Reputation: 91
I have one question. I'm writing some code in C, on UNIX. I need to write a special character in a file, because I need to divide my file in small sections.
Example:
'SPECIAL_CHARACTER'
section 1 with some text
'SPECIAL_CHARACTER'
section 2 with some text
etc..
I was thinking to use character '\1'.It seems to work, but it is ok?

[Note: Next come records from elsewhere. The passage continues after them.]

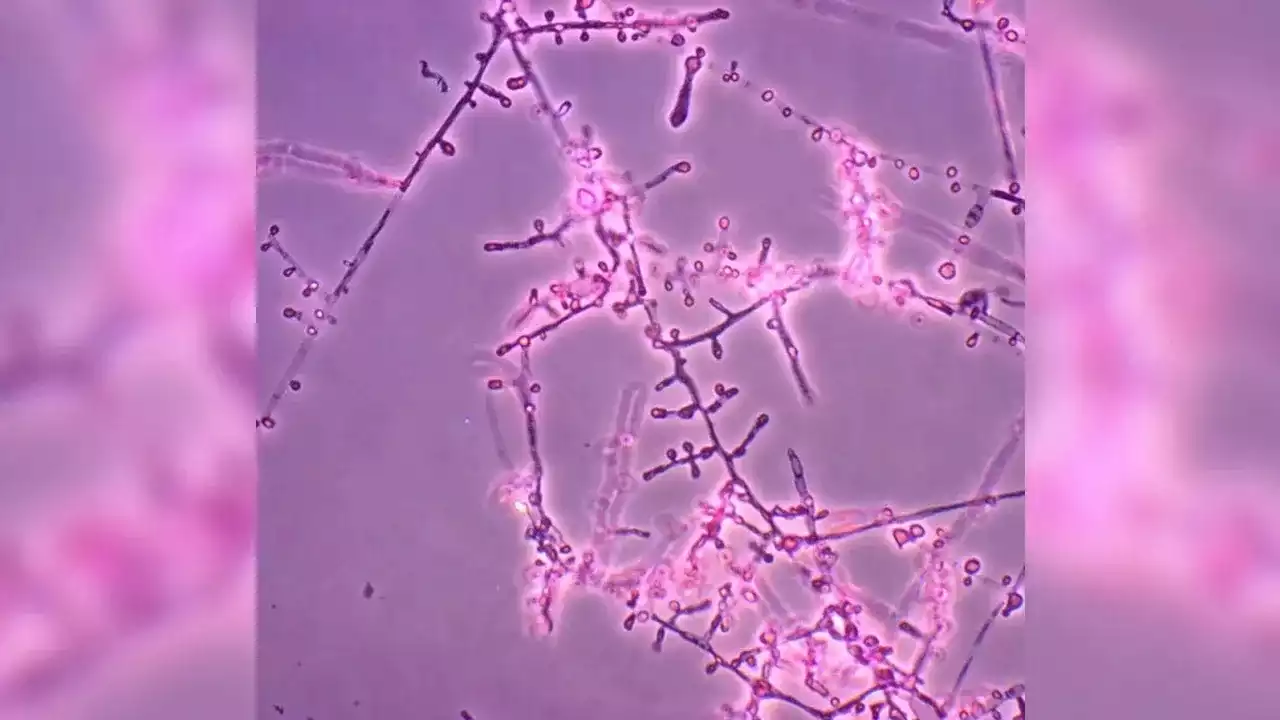 Primeiros casos de micose resistente ao tratamento são relatados nos EUA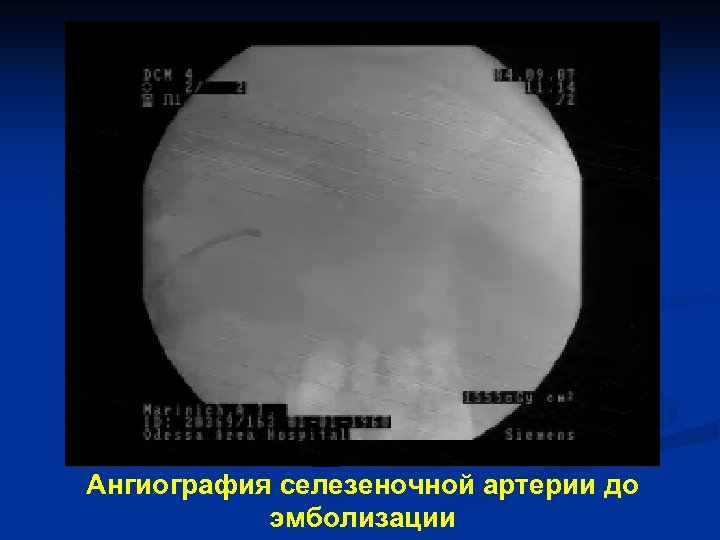 Ангиография селезеночной артерии до эмболизации 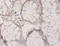 HPD antibody, LS-C285530, Lifespan Biosciences, Immunohistochemistry paraffin image 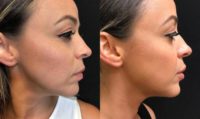 Juvederm Lip Filler for Hispanic Woman in her 30's
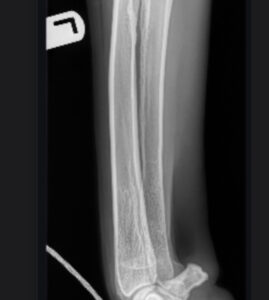 This XRay of Tucker’s left fron tleg shows the nromal look of the bone when there is no problem.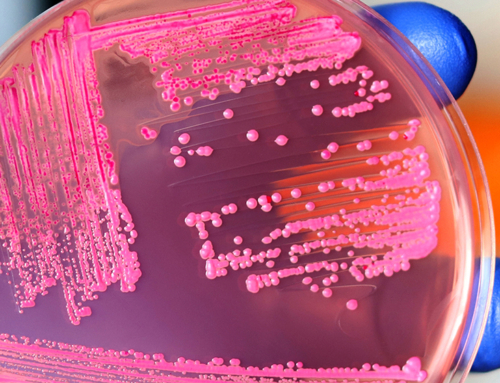 Corso ECM webinar / I challenge test e le nuove sfide per garantire la sicurezza microbiologica degli alimenti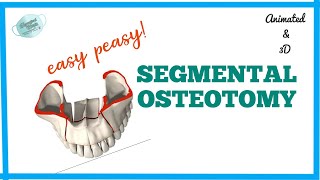 SEGMENTAL OSTEOTOMY  MAXILLARY OSTEOTOMY [upl. by Atsilac]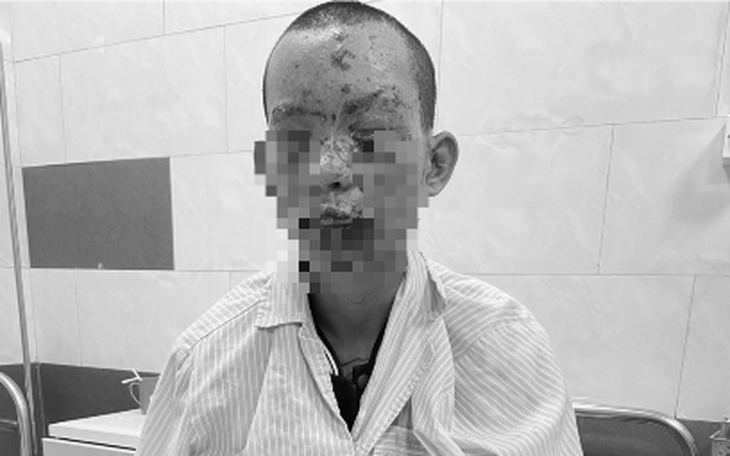 Mất thị lực, cháy sém toàn thân do dùng điện thoại đang sạc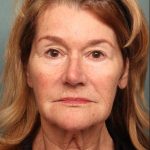 Botox Before & After Patient #9082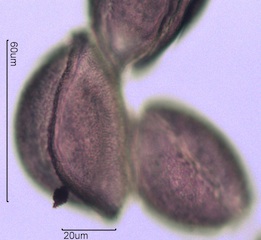 Snow Lily Pollen under the Microscope
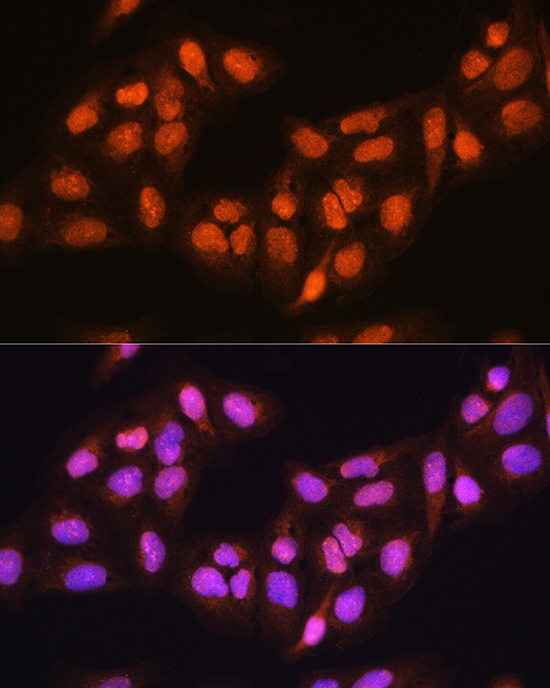 PRMT5 Rabbit Polyclonal Antibody - Image 7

Or It is wrong?
To do these things without using characters like "\0" or "\n" what should I do?
Upvotes: 0
Views: 1010
Reputation: 1702
I hear two different questions where you ask "Or It is wrong?"
I hear you asking "how can I designate a separator byte in my code?", and I hear you asking "what is a good choice for a separator byte?"
First, fundamentally, what you are asking about is covered in section 6.4.4.4 of the C language specification, which covers "C Character Constants". There are various places you can look up the formal C language spec, or you can search for "C Character Constants" for perhaps a friendlier description, etc.
In detail, a handful of letters can be used in escape sequences to stand in for single bytes of specific values; e.g., \n
is one of those, as a stand-in for 0x0a
(decimal 10), a byte designated (in ASCII) as a newline. Here are the legal ones:
\a \b \f \n \r \t \v
The escape sequences \0
and \1
work because C supports using \
followed by digits as an octal value. So, that'll also work with, say, \3
and \35
, but not \9
, and note that \35
has a decimal value of 29. (Google "octal values" if you don't immediately see why that's the case.)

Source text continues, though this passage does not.